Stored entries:
┌──

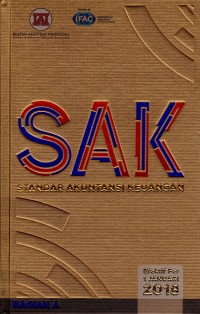 SAK (Standar Akuntansi Keuangan): Efektif Per 1 Januari 2018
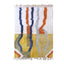 Tapis Berbere Boujaad abstrait contemporain 224 x 280 cm - AFKliving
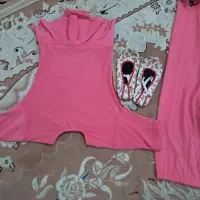 لباس ژیم ناستیک و پا پوش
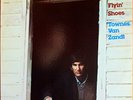 2 Townes Van Zandt Albums Flyin' Shoes [LP NM/EX] and  Live & Obscure [NM CD]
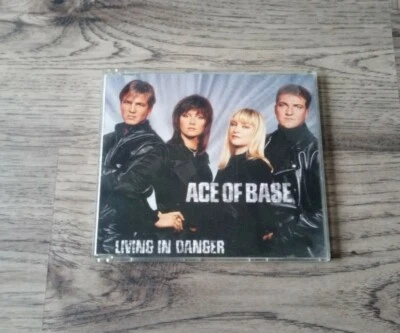 ACE OF BASE 💿 Living In Danger Maxi CD MCD Single - Bild 1 von 3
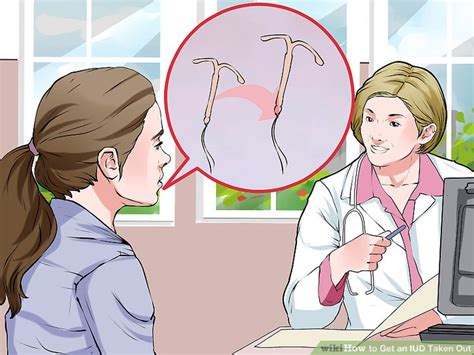how to get an iud taken out 9 steps with pictures wikihow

└──

# Assignment
Your answer should consist solely of the lines from the one with "لباس ژیم ناستیک و پا پوش" through the last line of the entries, restated word for word, with the pictures omitted.

# Result of the exercise
 لباس ژیم ناستیک و پا پوش
 2 Townes Van Zandt Albums Flyin' Shoes [LP NM/EX] and  Live & Obscure [NM CD]
 ACE OF BASE 💿 Living In Danger Maxi CD MCD Single - Bild 1 von 3
how to get an iud taken out 9 steps with pictures wikihow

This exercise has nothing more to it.